● TASK OBJECTIVE
Would you repeat the listing below exactly, with no pictures in it?

● SUPPLIED DATA
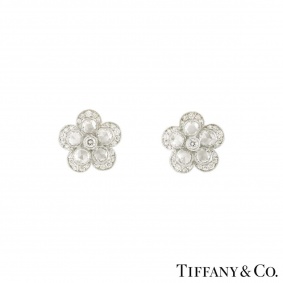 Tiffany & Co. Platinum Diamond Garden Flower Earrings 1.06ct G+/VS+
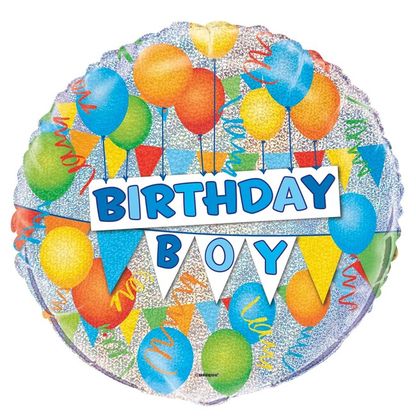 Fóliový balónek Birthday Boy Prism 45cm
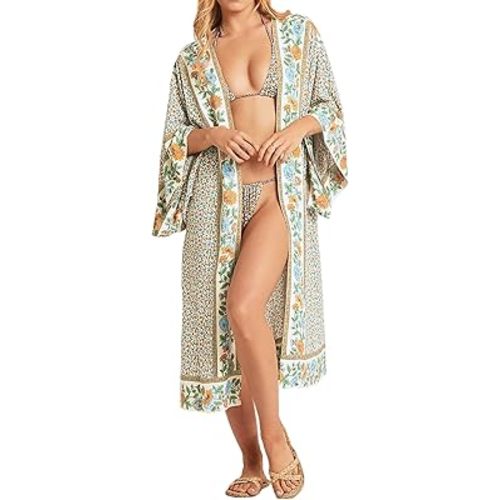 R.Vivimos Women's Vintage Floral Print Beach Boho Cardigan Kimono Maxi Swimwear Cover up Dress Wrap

● RESULT
 Tiffany & Co. Platinum Diamond Garden Flower Earrings 1.06ct G+/VS+
 Fóliový balónek Birthday Boy Prism 45cm
 R.Vivimos Women's Vintage Floral Print Beach Boho Cardigan Kimono Maxi Swimwear Cover up Dress Wrap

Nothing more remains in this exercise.